Boris Vallejo (born January 8, 1941 is a Peruvian-born American painter. He immigrated to the United States in 1964, and he currently resides in Allentown, Pennsylvania. He frequently works with Julie Bell, his wife, painter, and model.
Vallejo works almost exclusively in the fantasy and erotica genres. His hyper-representational paintings have graced the covers of dozens of science fiction paperbacks and are featured in a series of best-selling glossy calendars. Subjects of his paintings are typically Sword and sorcery gods, monsters, and well-muscled male and female barbarians engaged in battle. Some of his male figures were modeled by Vallejo himself, and many of his later female characters were modeled by his wife. His latest works still retain heavy fantasy elements, but lean more towards the erotic rather than pure fantasy themes.
Vallejo commenced painting at the age of thirteen and had his first illustration job at the age of sixteen.
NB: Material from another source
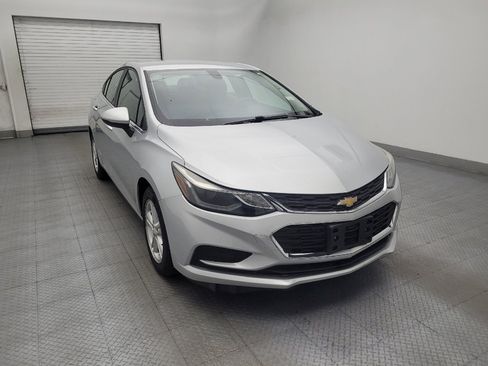 Used 2017 Chevrolet Cruze LT w/ Convenience Package FWD image 14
After emigrating to the United States in 1964, he quickly garnered a fan following from his illustrations of Tarzan, Conan The Barbarian, Doc Savage and various other fantasy characters (often done for paperback fiction works featuring the characters). This led to commissions for movie poster illustration, advertisement illustration, and artwork for various collectibles – including Franklin Mint paraphernalia, trading cards and sculpture. Along with Bell, Vallejo presents his artwork in an annual calendar and various books. Vallejo’s work is often compared to the work of Frank Frazetta, not only because it is similar stylistically but also since Frazetta painted covers for paperbacks of some of the same characters.
Vallejo’s preferred artistic medium is oil paint on board, and has previously used digital media to combine discrete images to form composite images. Preparatory works are pencil or ink sketches, which have been displayed in the book Sketchbook. He and Julie Bell have worked on collaborative artworks together, in which they sign the artwork with both names.
Vallejo has created film posters for numerous fantasy and action productions, including Barbarella (1968), Knightriders (1981), Q (1982), and Barbarian Queen (1985). He has also illustrated posters for comedies, notably National Lampoon’s Vacation (1983), European Vacation (1985), and Aqua Teen Hunger Force Colon Movie Film for Theaters (2007), co-created with Bell.